There are too many great pictures to choose just one!


----------



## DUSTYRD2 (Feb 28, 2007)

Oh boy that was tough! Thanks Vern for keeping this going.


----------



## Maggies mom (Jan 6, 2006)

Thanks Vern for spending your time on this so we can have fun! Abbie sends you a BIG SLOPPY KISSES!


----------



## DelmarvaGold (Mar 7, 2006)

Maggies mom said:


> Thanks Vern for spending your time on this so we can have fun! Abbie sends you a BIG SLOPPY KISSES!


So does that mean Abbie is relieving me of the kissing duty???  Please tell me YES


----------



## Maggies mom (Jan 6, 2006)

DelmarvaGold said:


> So does that mean Abbie is relieving me of the kissing duty??? Please tell me YES


Nothing would make Abbie more happier.... Miss OCD KISSER!!!!!!!!!!!!!!!!!


----------



## Pudden (Dec 28, 2008)

so many great shots; it's really impossible to pick just one.

However, being a sucker for action shots, I voted for the flying quizzini, although I'm still puzzled by that pink tail


----------



## Joe (Apr 9, 2005)

Angel_Kody is my favourite. Really nice shots everyone.


----------



## S-Dog's Mom (Jan 9, 2009)

75 posts is a lot of posts! Guess I had better get cracking if I ever want to be able to enter this contest!
WHAT a CHOICE!

I gotta love Angel_Kody, even if he IS on the wrong sled (Arctic-Cat, baby!)

And... that picture of Pudden--OMG! I think that is just amazing!


----------



## SadieBodean (Mar 28, 2008)

Really hard to pick just one. Thanks so much for continuing the monthly contest--LOVE looking at all the pics!


----------



## fostermom (Sep 6, 2007)

That was so hard because there were so many fantastic pictures!


----------



## 3459 (Dec 27, 2007)

I can't do it! :banghead: Can't make a decision! I sure hope the pictures stay up awhile though, so I can keep enjoying them.  

Thanks for all your hard work, Vern. Chessie send lots of kisses, too.


----------



## Groundhog (Jul 26, 2008)

Thanks Vern for doing all this work !! Love all the photos, so hard to just pick one! 
I couldn't even vote for Takoda, I love his pic, but there are better ones, just hard to narrow it down, went with the one I loved the first time I saw it. mylissyk, looks like what Takoda looked like the first time he saw the snow falling from the sky, like what is this, where is it coming from? Just a beautiful looking dog with all the big flakes floating down. 
Great job everyone, loved all the photos !!


----------



## Ninde'Gold (Oct 21, 2006)

How come I can see who voted for who?? LOL (thanks BudManBell for voting for Tucker  )


----------



## wabmorgan (May 6, 2008)

OMG!!!!!!! this is REALLY hard. So MANY wonderful SNOW pics. 

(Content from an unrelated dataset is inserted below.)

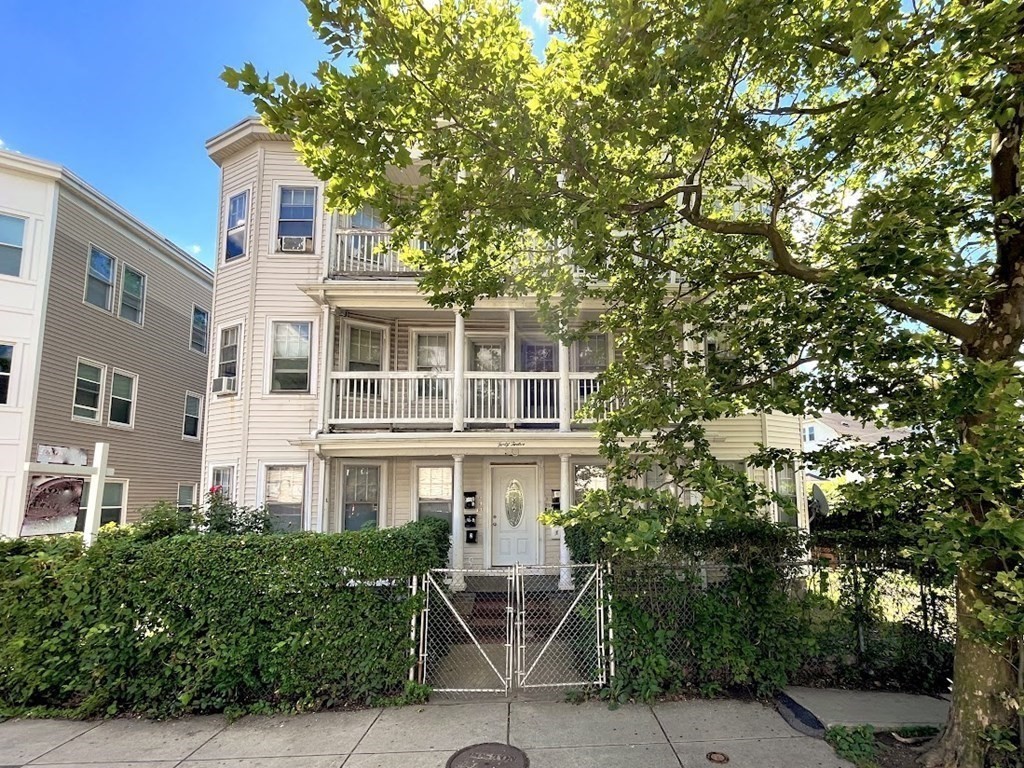 4012 Washington St, Boston, Massachusetts, 12 Bedrooms Bedrooms, 24 Rooms Rooms,6 BathroomsBathrooms,Residential Income,For Sale,Washington St,73418638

But I voted for DelmarvaGold. 

That MUCH SNOW and 2 Golden Retrievers has to equal a LOT OF FUN!!!!!!!!!!! :lol:


----------



## rik6230 (Jan 8, 2008)

It was difficult but my vote is for Moverking. Beautiful colours.


----------



## wagondog (Aug 24, 2007)

*Harley WagonDog*

Harley doing his thing


----------



## jealous1 (Dec 7, 2007)

Thanks for the pics and keeping this going. Now to decide . . . . . .


----------



## Debles (Sep 6, 2007)

So many great pics but I think Blair's beautiful Heidi should get the votes!
Thanks to whoever voted for Selka. I see Shortcake has the puppy version of Selka and his frisbee! Too cute!!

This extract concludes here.